Inherents, meanwhile, are not passed on the network and are not signed. They represent data which describes the environment but which cannot call upon anything to prove it per se such as a signature. Rather they are assumed to be "true" simply because a sufficiently large number of validators have agreed on them being reasonable.

To give an example, there is the timestamp inherent which sets the current timestamp of the block. This is not a fixed part of Substrate, but does come as part of the Substrate Runtime Module Library to be used as desired. No signature could fundamentally prove that a block were authored at a given time in quite the same way that a signature can "prove" the desire to spend some particular funds. Rather, it is the business of each validator to ensure that they believe the timestamp is set to something reasonable before they agree that the block candidate is valid.

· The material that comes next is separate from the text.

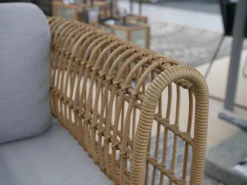 Cane Line Loungemöbel|Loungesessel Nest Stoff Natte Light Grey Gestell Faser Natural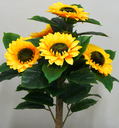 Ver imagem 2 de Arvore Realista Planta Girassol 5 Flores 95cm Artificiais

Other examples include the parachain-heads extrinsic in Polkadot and the "note-missed-proposal" extrinsic used in the Substrate Runtime Module Library to determine and punish or deactivate offline validators.

Runtime and API

Substrate chains all have a runtime. The runtime is a WebAssembly "blob" that includes a number of entry-points. Some entry-points are required as part of the underlying Substrate specification. Others are merely convention and required for the default implemnentation of the Substrate client to be able to author blocks. In short these two sets are:

The runtime is API entry points are expected to be in the runtime’s api module. There is a specific ABI based upon the Substrate Simple Codec (codec) which is used to encode and decode the arguments for these functions and specify where and how they should passed. A special macro is provided called impl_stubs which prepares all functionality for marshalling arguments and basically just allows you to write the functions as you would normally (except for the fact that there must be example one argument - tuples are allowed to workaround).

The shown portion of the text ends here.